Let's see how much play this gets in the MSM...a court hands a huge defeat to wingnut talk shows and the GOP.
A federal judge who found it unconstitutional that Congress tried to cut funding to the activist group ACORN has rejected a government request to change her mind and has ordered government agencies to make it clear the funding isn't blocked.
In a written ruling Wednesday, U.S. District Judge Nina Gershon made permanent her conclusion last year that the cutoff of funding was unconstitutional. She ordered all federal agencies to put the word out about it.
The Brooklyn judge said ACORN was punished by Congress without the enactment of administrative processes to decide if money had been handled inappropriately. She said the harm to ACORN's reputation continues because the government never rescinded its advice to withhold funding after it was distributed to "hundreds, if not thousands, of recipients."

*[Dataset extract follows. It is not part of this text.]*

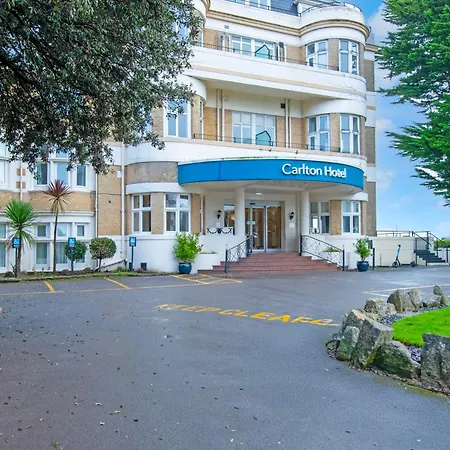 Bournemouth Carlton Hotel By Sunday-3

Last year, a series of videos filmed at ACORN offices around the country sparked a national scandal and helped drive the organization to near ruin. In one video, ACORN employees were shown apparently advising a couple posing as a prostitute and her boyfriend to lie about her profession and launder her earnings; Brooklyn prosecutors said they did not commit a crime.
In asking the judge to reconsider her December ruling, the government cited a Dec. 7 report written by Scott Harshbarger, former attorney general for Massachusetts. It said the report "reinforces Congress' purpose in preventing fraud, waste and abuse" by describing ACORN's long-standing management problems.
The report concluded that ACORN leadership at every level was thin, the government noted.
The judge, however, wrote that it was "unmistakable that Congress determined ACORN's guilt before defunding it." She said Congress is entitled to investigate ACORN but cannot "rely on the negative results of a congressional or executive report as a rationale to impose a broad, punitive funding ban on a specific, named organization."